On Wed, Jan 23, 2013 at 4:39 PM, Jakub Jelinek <ja...@redhat.com> wrote:
> On Wed, Jan 23, 2013 at 04:24:01PM +0400, Evgeniy Stepanov wrote:
>> >  So, e.g. whenever match_spec
>> > > returns 0, it should break out of the loop, rather than continue.
>> > > And for %hh it doesn't check following letters, no match_spec at all.
>>
>> That's cause they don't change the write size. The same for %h, the
>> following letters don't matter to us. It seems safe to "continue" as
>> soon as we are sure we know what the current spec's write length is.
>
> You can't know.  What if say %hhQ is seen where Q is a user spec defined
> through some future hook?  For printf you can already add things like
> that, and say let the va_arg argument be a pointer to some struct
> (some people e.g. print struct sockaddr* that way etc.).  What if it takes
> more than one pointer.  IMHO you really need to parse the whole directive,
> and only if you detect no errors, check the corresponding pointer (unless
> %*), if you detect any errors or unknown things, just give up immediately.

What if these future hooks allow one to redefine existing specs? :)
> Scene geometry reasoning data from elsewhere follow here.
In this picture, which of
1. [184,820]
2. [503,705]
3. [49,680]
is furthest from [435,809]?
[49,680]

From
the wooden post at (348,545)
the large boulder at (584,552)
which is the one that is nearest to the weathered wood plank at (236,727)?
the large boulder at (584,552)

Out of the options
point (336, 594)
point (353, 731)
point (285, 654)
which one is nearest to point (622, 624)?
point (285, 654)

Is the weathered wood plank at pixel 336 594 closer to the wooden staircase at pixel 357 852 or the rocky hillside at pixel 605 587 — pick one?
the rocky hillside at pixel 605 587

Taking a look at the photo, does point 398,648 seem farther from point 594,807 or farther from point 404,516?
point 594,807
Fighting unknown future changes sounds hopeless. The only reliable way
to handle them is keeping both implementations in sync, but that's
probably not worth it.

>> > > %[, %s, %c, %n, %ls, %lc, %p, %A and many others aren't handled FYI 
>> > > (again, not
>> > > a problem if the implementation is conservative).  Handling %c, %s and
>> > > %[0123456789] style would be worthwhile though, I bet most of the buffer
>> > > overflows are from the use of those scanf specifiers.
>>
>> At least some of those are handled (%p, %n). Not sure what %A is, it's
>> not in my man page.
>
> http://pubs.opengroup.org/onlinepubs/9699919799/functions/fscanf.html
>
>> > > BTW, %as, %aS and %a[ should always result in giving up, as there is an
>> > > ambiguity between GNU extensions and C99/POSIX and libasan can't know how
>> > > glibc resolves that ambiguity.
>> > >
>> > > What if glibc adds a scanf hook (like it has already printf hooks), apps
>> > > could then register their own stuff and the above would then break.  It
>> > > really should be very conservative, and should be checked e.g. with all
>> > > glibc's *scanf tests (e.g. stdio-common/scanf[0-9]*.c,
>> > > stdio-common/tst-sscanf.c).
>>
>> I'll add support for the missing %specs. About the testing, these
>> files seem like GPL, so I'd prefer not to look at them at all. We've
>> got a smallish test for the scanf implementation in sanitizer_common,
>> but it would be really great to run it on full glibc scanf tests.
>> Would you be willing to setup such testing gnu-side?
>
> If you mail me (or check in?) some fixes for the above mentioned issues, I
> can do some testing.  But right now I'm pretty sure it would just fail.